Product Management Isn't Dead and It's Not AI That's Going To Kill It
Product management remains a deeply human craft centered on empathy, vision, and influence without authority. While generative AI and Large Language Models (LLMs) are becoming indispensable tools for daily tasks, they lack the reasoning and nuance required for high-level decision making. LLMs can produce convincing and well-formatted text, but they fundamentally do not understand the content they generate. This creates a paradox where AI can speed up experts who know how to verify the work, but it leads novices to accept mediocre or incorrect outputs because they lack the expertise to judge the quality. The current AI landscape faces significant hurdles, including the potential for model collapse as LLMs begin training on AI-generated 'slop' and the massive financial costs required to maintain these systems. Despite claims from tech leaders about reaching Artificial General Intelligence (AGI) soon, current models often produce 'vanilla' strategies that are merely lists of obvious features rather than true competitive insights. The real danger to the product management profession is not the technology itself, but the narrative pushed by influencers and cost-cutting executives. If leadership views product management as a series of mechanical tasks like writing tickets or documentation, they may attempt to automate the role out of existence. To remain relevant, product managers must focus on the aspects of the job that AI cannot replicate: resolving stakeholder debates, negotiating scope, empathizing with users, and making complex judgment calls. Using AI as a brainstorming partner or research buddy allows practitioners to automate routine work and dedicate more time to these high-value human activities. The best product managers will use AI to complement their abilities rather than replace their judgment.
Key Takeaways
- AI is a productivity multiplier for domain experts but a dangerous shortcut for novices who cannot verify the accuracy or quality of the output.
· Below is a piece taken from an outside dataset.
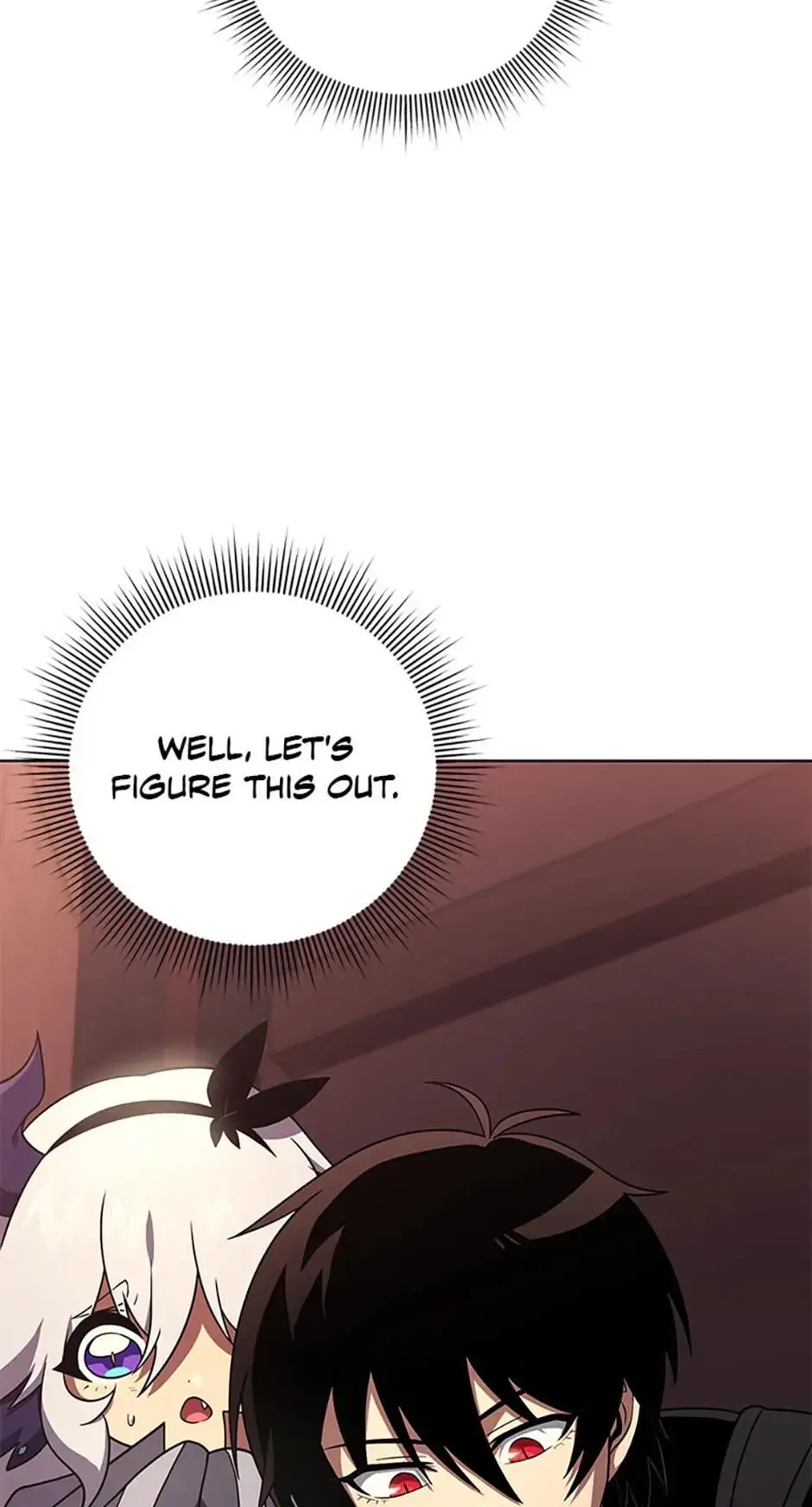 After Ten Millennia in Hell Chapter 45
- The primary threat to the product management profession is the 'narrative risk' where influencers convince uninformed executives that the role is purely administrative and easily automated.
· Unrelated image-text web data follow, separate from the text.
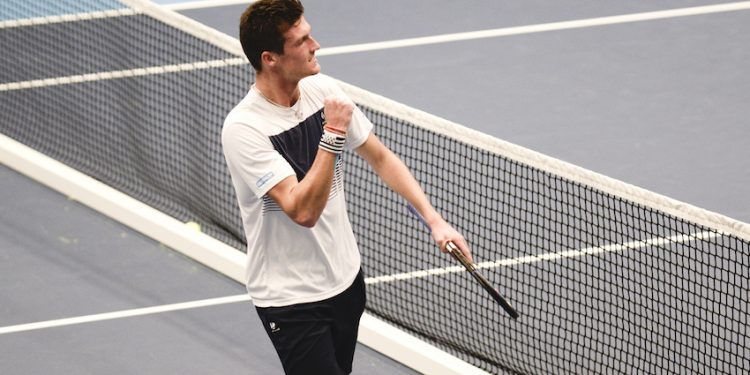L’Open Blot de Rennes de tennis débute aujourd’hui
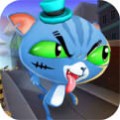 地铁小猫跑酷游戏下载-地铁小猫跑酷最新版下载v1.0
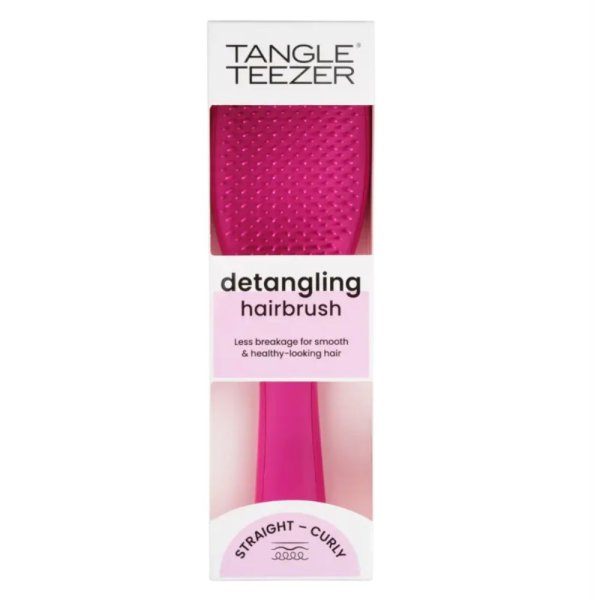 Tangle Teezer Ultimate detangler electric raspberry, szczotka do rozczesywania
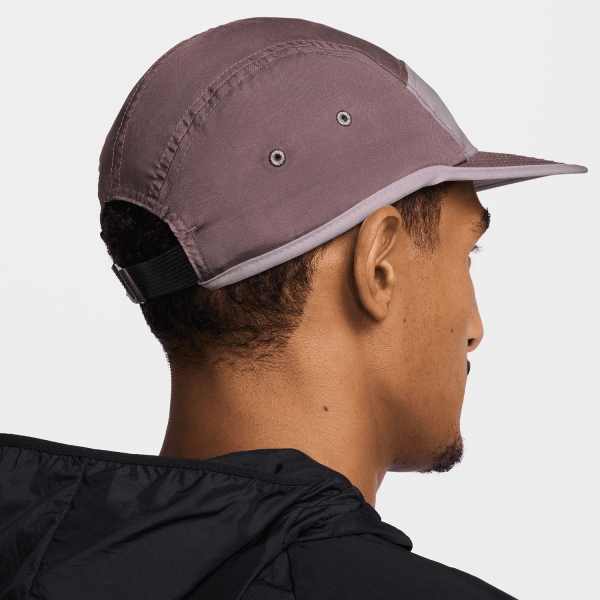 Nike Dri-FIT Fly Cappello - Tattoo/Light Violet Ore/Anthracite/Sea Glass
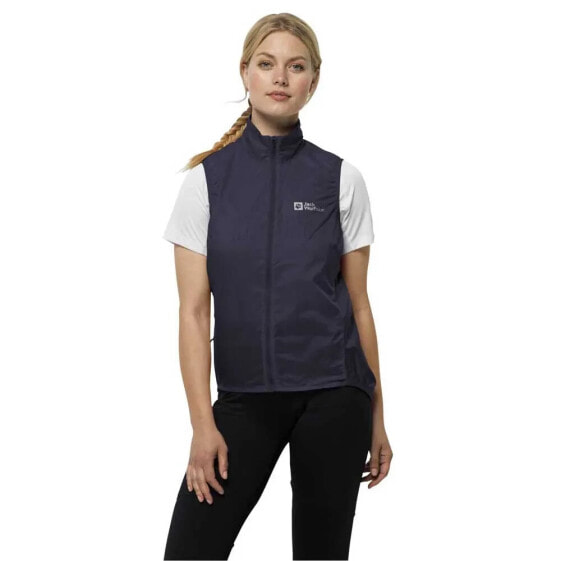 JACK WOLFSKIN Morobbia Wind vest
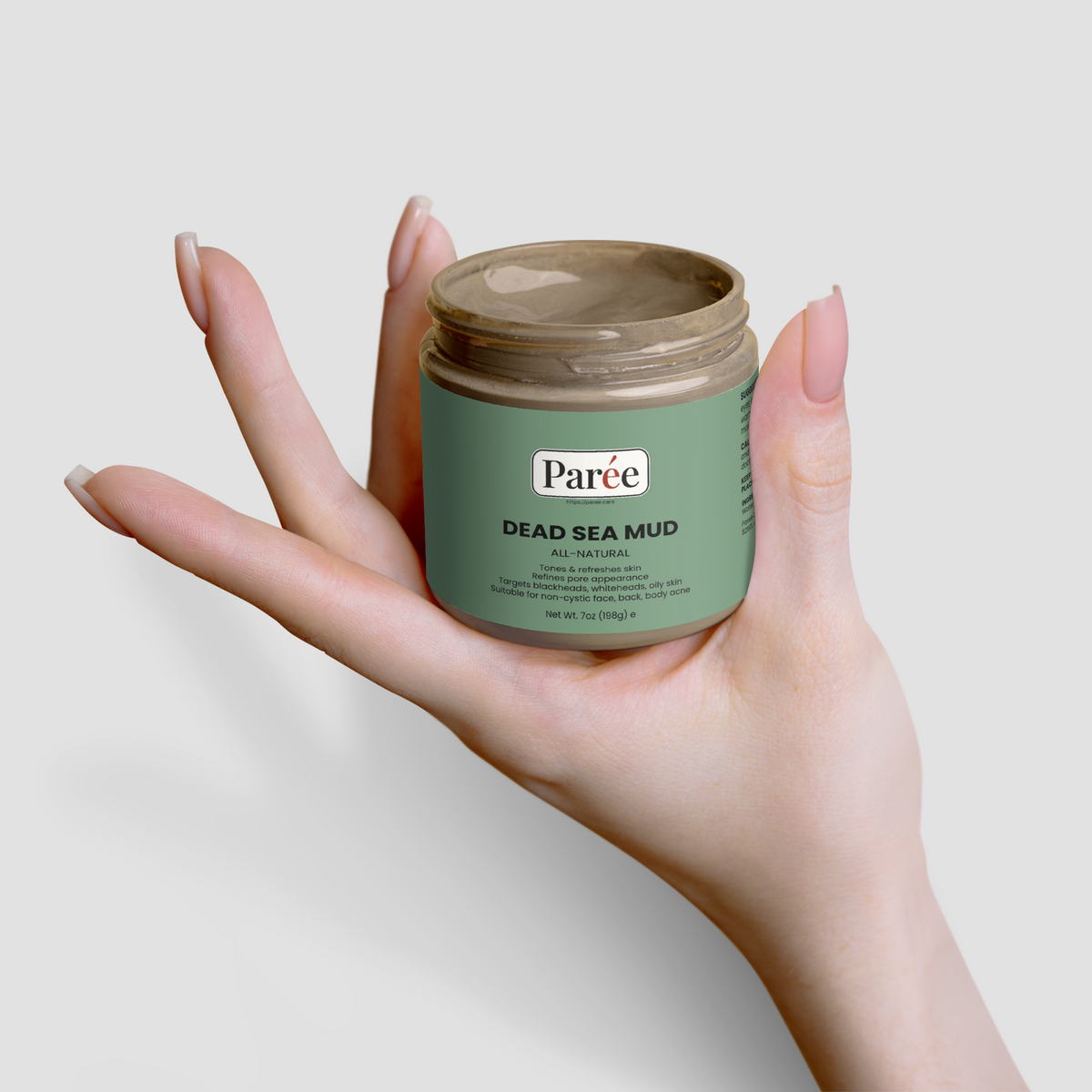Dead Sea Mud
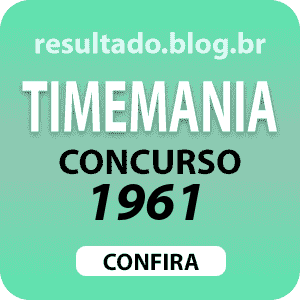 Resultado Timemania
- True product strategy requires novel 'blue ocean' thinking and human judgment calls that current LLMs, which rely on existing human knowledge, are fundamentally unable to generate.
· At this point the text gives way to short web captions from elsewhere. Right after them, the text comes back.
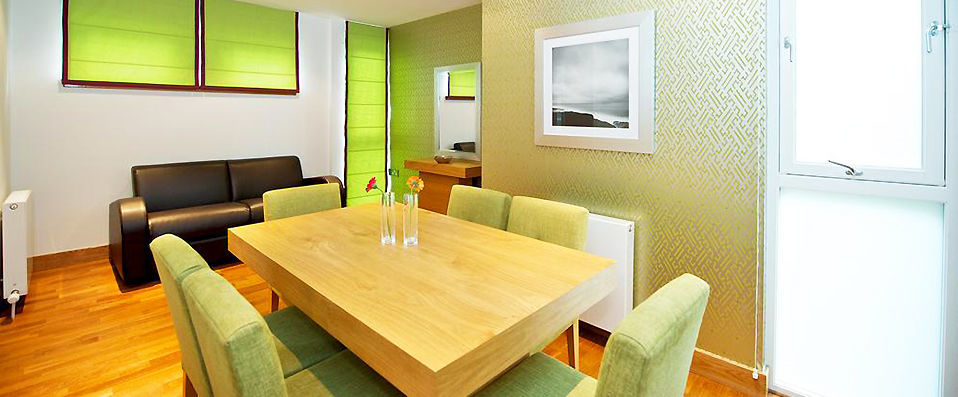 Staycity Aparthotels Edinburgh Westend ★★★★ - Appart’hôtel tout équipé pour découvrir la belle Édimbourg. - Édimbourg, Royaume-Uni
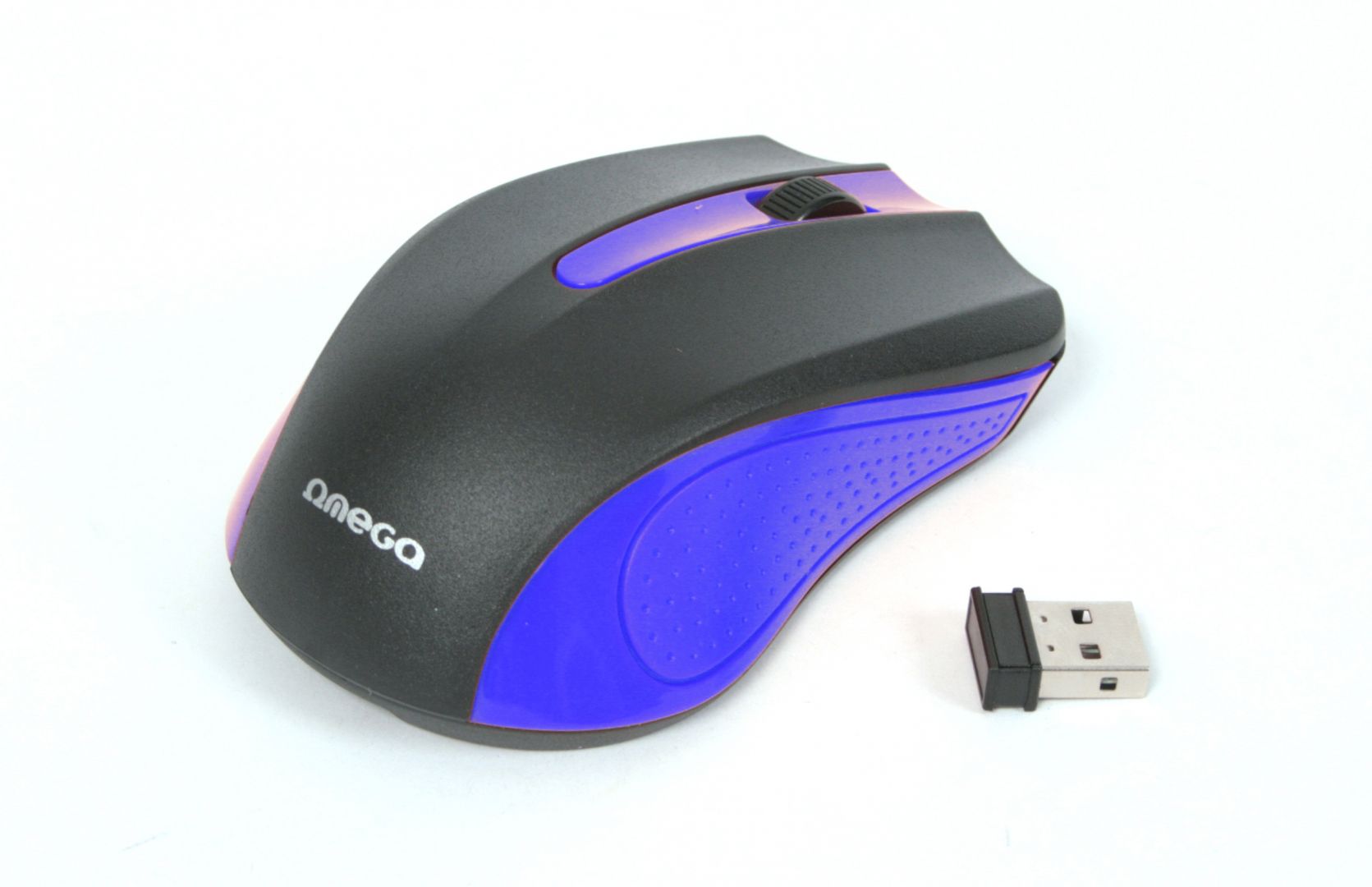 Egér Platinet Omega OM0419BL Wireless mouse Blue Egér Platinet Omega OM0419BL Wireless mouse Blue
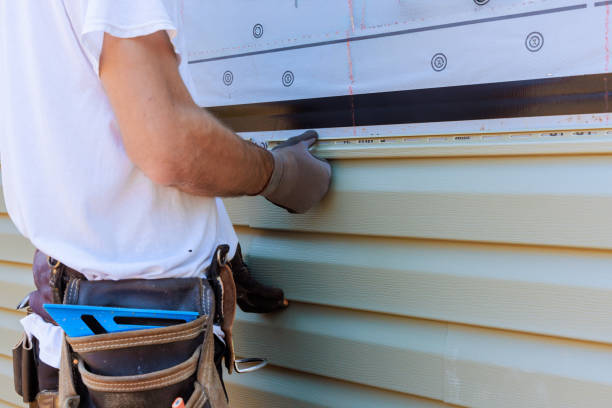 Affordable Siding Repair and Maintenance Services in Lindsborg, KS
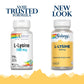 SOLARAY L-Lysine 500mg 60 VegCaps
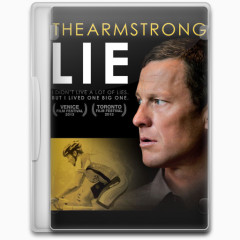 The Armstrong Lie Icon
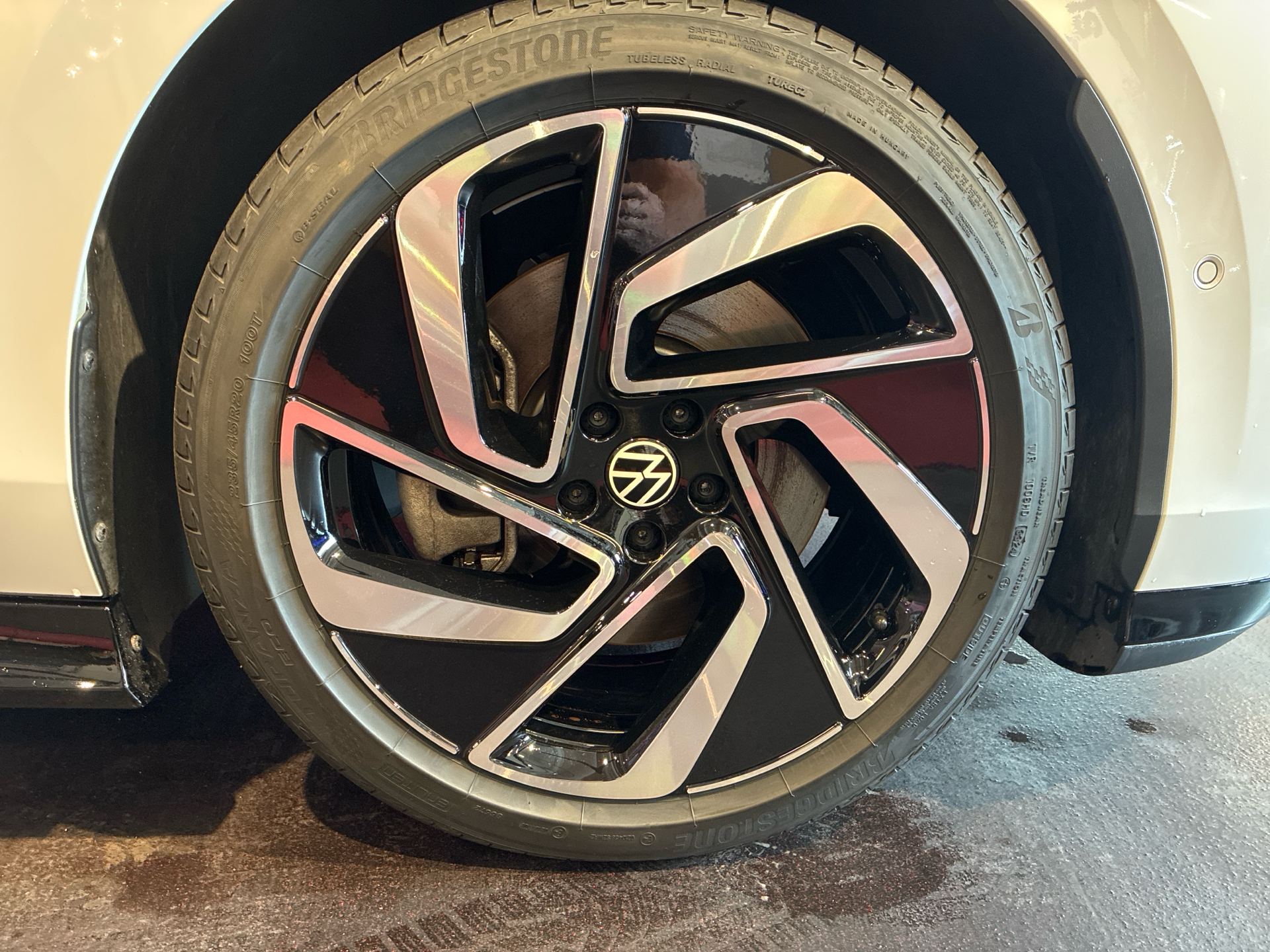 Billede af VW ID.7 Tourer EL Style+ 286HK Stc Aut.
- Product managers who focus solely on mechanical outputs like Jira tickets are at high risk of replacement, whereas those focused on outcomes and stakeholder negotiation remain indispensable.
The ONLY Measure of Product Management Success is the Success of Your Product
Product management success is fundamentally defined by the success of the product itself. While the industry often focuses on the mantra of outcomes over outputs for product features, this same logic must apply to the professional performance of the product manager. A practitioner can follow every industry best practice, conduct dozens of user interviews, and maintain a perfect burndown chart, but if the product fails to deliver tangible value to its stakeholders, the product manager has not truly succeeded. This perspective challenges the idea that a PM can be successful simply by being a good operator within a failing product. The definition of a product manager remains elusive because it is highly dependent on organizational context. There is no ISO standard for the role, which means it is often shaped by company maturity, founder biases, and the specific market being served, whether B2B, B2C, or B2G. In a B2B environment, success is a complex balancing act between three distinct stakeholder groups: the business, the customers, and the users. The business focuses on recurring revenue, retention, and profit. The customers, who are often the economic buyers, prioritize ROI, regulatory compliance, and solving specific business use cases. The users, who interact with the tool daily, require ease of use and effective problem solving. Best practices in product management, such as developing a product vision or gathering first-hand customer evidence, should be viewed as hypotheses rather than immutable laws. These methodologies represent the most likely path to success based on historical patterns, but they are not the goal in themselves. The primary objective is to deliver value across the stakeholder triangle. If a specific process or working norm does not serve the product's success in a given context, it should be adapted or discarded. Ultimately, the role requires a high degree of adaptability and a willingness to do whatever is necessary to achieve the desired outcomes for the business and its users, regardless of whether those actions fit a standard textbook definition of the role.
Key Takeaways
- Process is a means to an end. Best practices are merely the best current hypotheses for achieving success and should be discarded if they do not produce results in a specific context.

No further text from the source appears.